The prompt recognition of a proportional decrease in platelet count remains one of the challenges of managing HIT. As Bates and Gawande observed, “monitoring is inherently boring and is not performed well by humans” [13]. It is important to diagnose and initiate HIT treatment quickly to prevent thrombotic complications. The lower the platelet nadir the more likely the patient will develop a thrombosis [14, 15]. Various algorithms and recommendations have been developed to help physicians in diagnosis of HIT; however, the challenge remains detecting a subtle fall in platelet count that remains within ‘normal’ range [16, 17].

Computerized prescriber order entry (CPOE) systems provide opportunities to screen clinical data based on predefined criteria to identify conditions and apply decision support [1820]. While most CPOE systems provide basic safety features such as maximum dose checking and drug interaction screening, additional programming was performed to implement this clinical decision support system (CDSS) to identify potential HIT. We hypothesized that incorporating decision support algorithms into CPOE to alert clinicians of potential HIT would facilitate more rapid diagnosis of HIT and initiation of treatment. We describe a novel CDSS to alert physicians of the possibility of HIT. The objectives of this study were to assess the effectiveness of the CDSS to identify potential HIT, improve timeliness of diagnosis and treatment of HIT, and prevent clinical thrombotic events.

Methods

Study design

This retrospective study was performed at Thomas Jefferson University Hospital (TJUH) a 728 bed tertiary care teaching hospital in Philadelphia. CPOE was initiated in 2001 and implementation was completed throughout the hospital by 2003. At the time of this study, the LastWord (Version 4.2.9 by GE Healthcare) CPOE system provided a self-documenting system that recorded dates and times of medication, laboratory, radiology orders and procedures and admission and discharge information as clinicians interacted with the system. The CDSS program, written by developers at the hospital, screened a parallel data repository that mirrored active orders and results once every 4 h. When conditions specified by the CDSS were met, the program generated an alert that appeared in the transactional CPOE application to any clinician who accessed the identified patient record. The rule looked for the condition such that in patients with an active order for heparin products the platelet count dropped during a 3-week time period by 50%, or 30% if the absolute platelet count was less than 150,000 platelets/mm3. Although a trigger of 30% reduction in the absolute platelet count to below 150,000 platelets/mm3 has not been extensively validated, we included this trigger to help capture those with an absolute drop below 150,000 platelets/mm3. The recent 8th edition ACCP guidelines concur that “there is no single definition of thrombocytopenia that meets all clinical situations” [21]. If either of these conditions occurred with an active order for a heparin product a “pop-up” alert appeared suggesting the provider evaluate the patient for HIT. The alert included the patient’s name, medical record number, baseline platelet count and date and most recent platelet count and date (Fig. 1).

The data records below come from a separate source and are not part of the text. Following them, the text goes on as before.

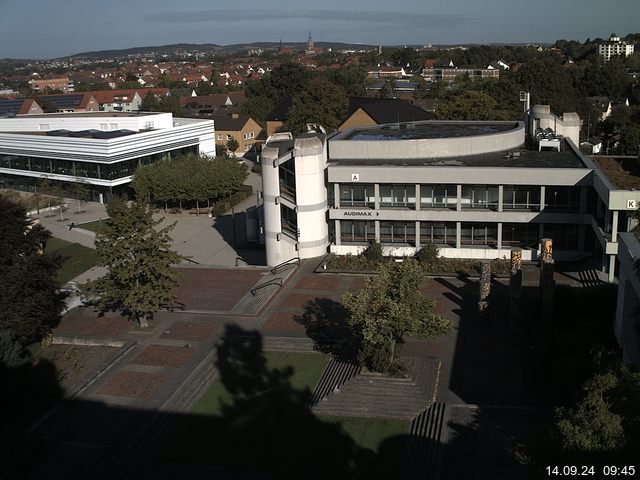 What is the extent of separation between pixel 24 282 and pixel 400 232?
64.2ft

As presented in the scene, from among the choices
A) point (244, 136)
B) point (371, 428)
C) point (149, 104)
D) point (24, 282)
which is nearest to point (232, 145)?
point (244, 136)

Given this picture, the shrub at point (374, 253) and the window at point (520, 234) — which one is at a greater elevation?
the window at point (520, 234)

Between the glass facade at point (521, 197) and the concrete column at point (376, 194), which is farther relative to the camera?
the concrete column at point (376, 194)

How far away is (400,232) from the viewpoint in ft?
127

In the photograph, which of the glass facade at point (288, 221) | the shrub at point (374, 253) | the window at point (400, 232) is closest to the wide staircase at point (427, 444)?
the shrub at point (374, 253)

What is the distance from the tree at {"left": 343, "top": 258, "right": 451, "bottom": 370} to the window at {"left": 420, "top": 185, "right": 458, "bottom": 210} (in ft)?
46.9

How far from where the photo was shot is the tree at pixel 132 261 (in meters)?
28.3

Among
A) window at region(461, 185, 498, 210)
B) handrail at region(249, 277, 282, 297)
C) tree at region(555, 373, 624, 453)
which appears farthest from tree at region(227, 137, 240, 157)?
tree at region(555, 373, 624, 453)

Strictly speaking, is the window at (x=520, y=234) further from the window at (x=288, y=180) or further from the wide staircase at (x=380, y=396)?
the wide staircase at (x=380, y=396)

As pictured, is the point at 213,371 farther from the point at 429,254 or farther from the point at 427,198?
the point at 427,198

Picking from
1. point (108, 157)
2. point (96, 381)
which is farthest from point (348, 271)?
point (108, 157)

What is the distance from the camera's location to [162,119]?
2783 inches

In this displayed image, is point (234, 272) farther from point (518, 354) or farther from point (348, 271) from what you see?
point (518, 354)

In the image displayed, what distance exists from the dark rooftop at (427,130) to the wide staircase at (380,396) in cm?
2125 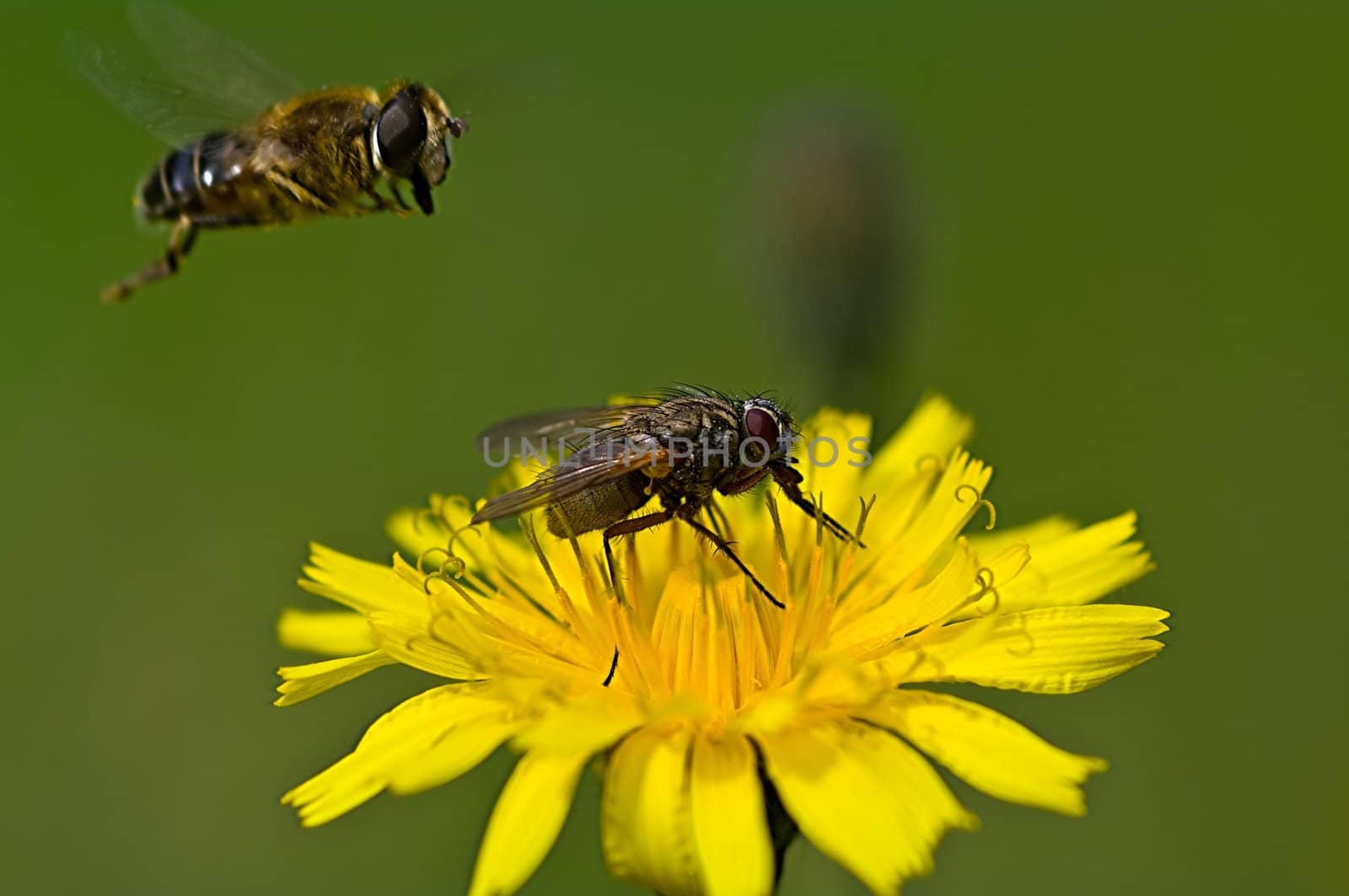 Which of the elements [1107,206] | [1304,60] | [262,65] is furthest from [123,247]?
[1304,60]

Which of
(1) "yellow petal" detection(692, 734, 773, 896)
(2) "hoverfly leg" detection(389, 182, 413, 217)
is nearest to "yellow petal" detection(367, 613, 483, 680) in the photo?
(1) "yellow petal" detection(692, 734, 773, 896)

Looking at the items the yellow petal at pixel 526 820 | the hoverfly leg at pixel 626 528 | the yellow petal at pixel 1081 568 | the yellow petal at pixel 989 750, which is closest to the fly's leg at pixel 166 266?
the hoverfly leg at pixel 626 528

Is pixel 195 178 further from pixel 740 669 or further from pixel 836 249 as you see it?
pixel 836 249

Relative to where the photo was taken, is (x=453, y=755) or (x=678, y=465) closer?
(x=453, y=755)

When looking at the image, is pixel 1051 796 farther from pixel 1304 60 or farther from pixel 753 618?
pixel 1304 60

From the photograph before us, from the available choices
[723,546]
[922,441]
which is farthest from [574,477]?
[922,441]

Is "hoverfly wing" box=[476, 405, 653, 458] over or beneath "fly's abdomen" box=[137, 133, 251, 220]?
beneath

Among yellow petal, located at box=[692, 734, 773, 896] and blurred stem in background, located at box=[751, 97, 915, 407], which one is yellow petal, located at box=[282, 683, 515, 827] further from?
blurred stem in background, located at box=[751, 97, 915, 407] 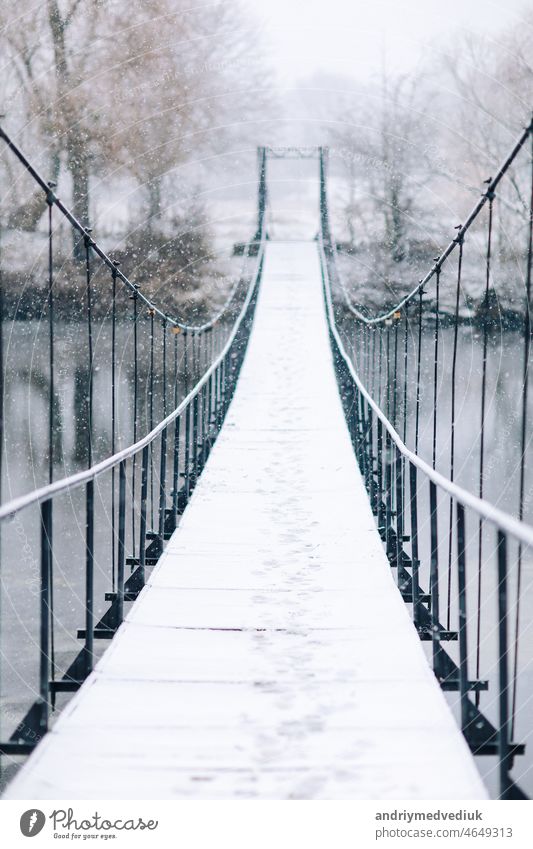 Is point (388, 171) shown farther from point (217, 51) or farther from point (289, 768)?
point (289, 768)

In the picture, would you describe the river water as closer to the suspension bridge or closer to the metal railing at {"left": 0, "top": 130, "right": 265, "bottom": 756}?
the metal railing at {"left": 0, "top": 130, "right": 265, "bottom": 756}

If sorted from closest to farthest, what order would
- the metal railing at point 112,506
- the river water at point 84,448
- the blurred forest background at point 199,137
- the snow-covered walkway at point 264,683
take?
the snow-covered walkway at point 264,683
the metal railing at point 112,506
the river water at point 84,448
the blurred forest background at point 199,137

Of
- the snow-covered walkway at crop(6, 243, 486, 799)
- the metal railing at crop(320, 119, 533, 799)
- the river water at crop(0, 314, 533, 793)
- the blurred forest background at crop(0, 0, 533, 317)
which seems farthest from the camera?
the blurred forest background at crop(0, 0, 533, 317)

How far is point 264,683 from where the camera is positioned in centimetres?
344

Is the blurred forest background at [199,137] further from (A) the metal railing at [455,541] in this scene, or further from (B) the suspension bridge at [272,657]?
(B) the suspension bridge at [272,657]

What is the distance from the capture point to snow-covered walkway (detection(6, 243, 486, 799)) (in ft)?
8.89

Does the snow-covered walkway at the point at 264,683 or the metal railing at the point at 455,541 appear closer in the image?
the snow-covered walkway at the point at 264,683

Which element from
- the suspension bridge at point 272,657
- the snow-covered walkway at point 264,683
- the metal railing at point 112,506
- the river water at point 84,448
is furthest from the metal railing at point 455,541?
the river water at point 84,448

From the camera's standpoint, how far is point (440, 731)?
3.02 m

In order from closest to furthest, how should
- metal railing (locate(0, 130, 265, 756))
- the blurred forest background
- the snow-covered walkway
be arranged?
1. the snow-covered walkway
2. metal railing (locate(0, 130, 265, 756))
3. the blurred forest background

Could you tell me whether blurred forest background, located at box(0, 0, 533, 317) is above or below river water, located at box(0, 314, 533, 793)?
A: above

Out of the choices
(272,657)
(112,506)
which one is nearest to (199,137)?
(112,506)

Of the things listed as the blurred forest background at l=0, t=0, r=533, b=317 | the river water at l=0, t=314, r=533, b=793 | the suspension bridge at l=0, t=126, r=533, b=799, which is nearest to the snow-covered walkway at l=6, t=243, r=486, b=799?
the suspension bridge at l=0, t=126, r=533, b=799

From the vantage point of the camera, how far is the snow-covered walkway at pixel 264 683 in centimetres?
271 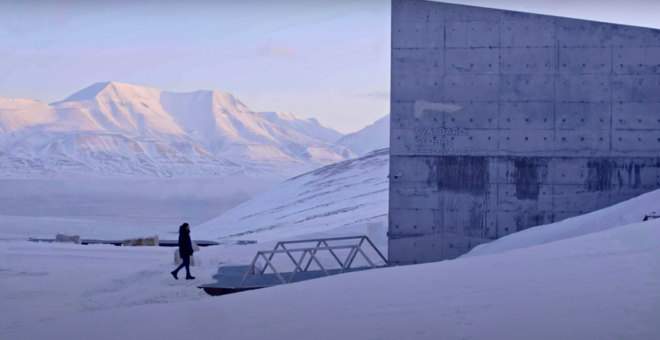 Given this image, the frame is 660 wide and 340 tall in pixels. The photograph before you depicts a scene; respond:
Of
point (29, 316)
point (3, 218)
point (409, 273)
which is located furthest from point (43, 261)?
point (3, 218)

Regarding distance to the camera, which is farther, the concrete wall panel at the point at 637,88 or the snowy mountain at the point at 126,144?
the snowy mountain at the point at 126,144

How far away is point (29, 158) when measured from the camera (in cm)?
12038

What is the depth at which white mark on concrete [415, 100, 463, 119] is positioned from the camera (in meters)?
14.3

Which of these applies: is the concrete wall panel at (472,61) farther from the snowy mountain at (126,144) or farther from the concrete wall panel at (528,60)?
the snowy mountain at (126,144)

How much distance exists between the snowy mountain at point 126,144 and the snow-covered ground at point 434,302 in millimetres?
107077

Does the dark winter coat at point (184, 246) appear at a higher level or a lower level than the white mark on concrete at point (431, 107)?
lower

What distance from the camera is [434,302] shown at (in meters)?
7.64

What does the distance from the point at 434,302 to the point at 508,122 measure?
7569mm

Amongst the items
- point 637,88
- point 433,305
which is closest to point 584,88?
→ point 637,88

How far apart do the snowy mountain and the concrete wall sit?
105 meters

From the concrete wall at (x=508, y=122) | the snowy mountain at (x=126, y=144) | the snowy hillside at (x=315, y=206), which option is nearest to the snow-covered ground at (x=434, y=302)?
the concrete wall at (x=508, y=122)

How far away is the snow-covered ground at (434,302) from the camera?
648 cm

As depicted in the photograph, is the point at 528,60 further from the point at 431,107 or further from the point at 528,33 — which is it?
the point at 431,107

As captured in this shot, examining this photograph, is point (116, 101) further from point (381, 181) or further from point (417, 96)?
point (417, 96) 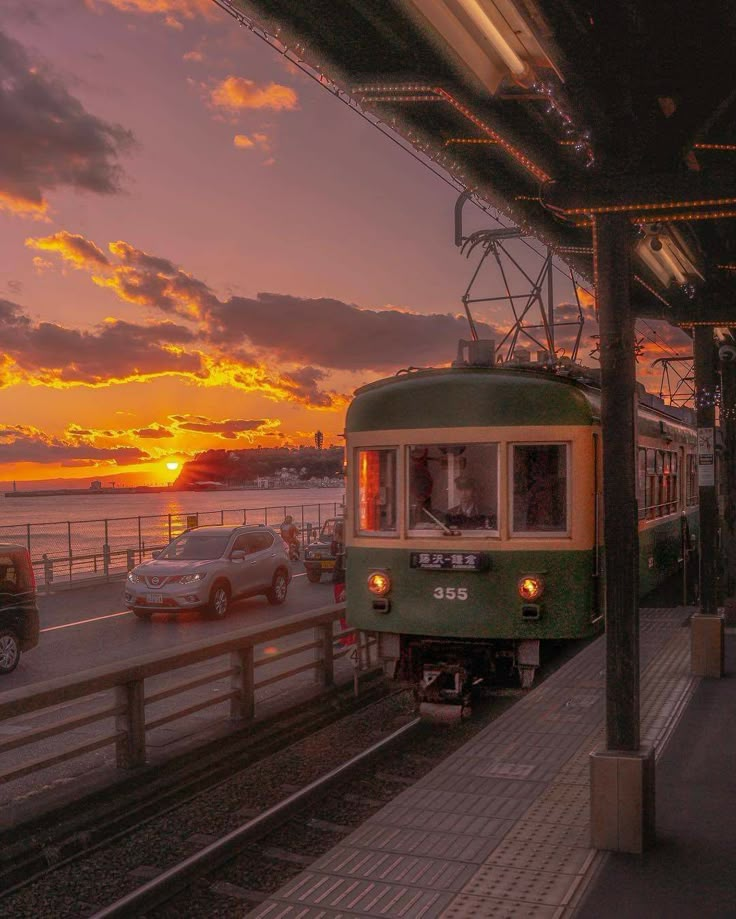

No patients were excluded on the basis of age, sex, admitting diagnosis, service, type or dose of heparin product.
https://static-content.springer.com/image/art%3A10.1007%2Fs11239-008-0279-x/MediaObjects/11239_2008_279_Fig1_HTML.gif
Fig. 1

Pop up alert

Patients were confirmed to have HIT if they had a positive 14C-serotonin release assay with either a decrease in platelets by 50% or a decrease by 30% if the absolute platelet count was less than 150,000 platelets/mm3 while on heparin (UFH or enoxaparin). Enoxaparin was the only available LMWH at TJUH during the study period. The HIT antibodies by ELISA testing was used to determine the time for HIT laboratory testing and not to confirm the diagnosis of HIT. The control group was defined by identifying all patients described above during a 12-month period preceding the implementation of the CDSS (March 2004 and March 2005). The intervention period included patients admitted during a 12-month period following implementation of the CDSS (September 2005–September 2006) following a two-month period to allow for clinician familiarity with the alert. This study was approved by the Thomas Jefferson University Institutional Review Board. The requirement for informed consent was waived.

Follow-up for thrombosis

The records of patients with confirmed HIT were assessed for presence or absence of thrombotic complications as documented by objective imaging reports during the 30 days following HIT diagnosis; only thrombotic events occurring after the initiation of heparin products were included. Duplex ultrasounds were required for diagnosis of extremity thromboses, thoracic computed tomography (CT) or ventilation-perfusion scans for diagnosis of pulmonary embolism, and head CT or magnetic resonance imaging (MRI) or angiography (MRA) defined stroke diagnosis. Troponin levels and a documented clinical diagnosis in the medical record were used to identify myocardial infarction.

Study end points

Three primary parameters were evaluated before and after the implementation of the CDSS: time from platelet count criterion to heparin product discontinuation, time from platelet count criterion to HIT treatment initiation, and time from platelet count criterion to the first HIT laboratory testing. The 14C-serotonin release assay was performed weekly at Jefferson Hospital with the following specifications: low dose unfractionated heparin dilution 0.5 unit/ml, high dose unfractionated heparin dilution 50 unit/ml, using single donor for fresh platelets.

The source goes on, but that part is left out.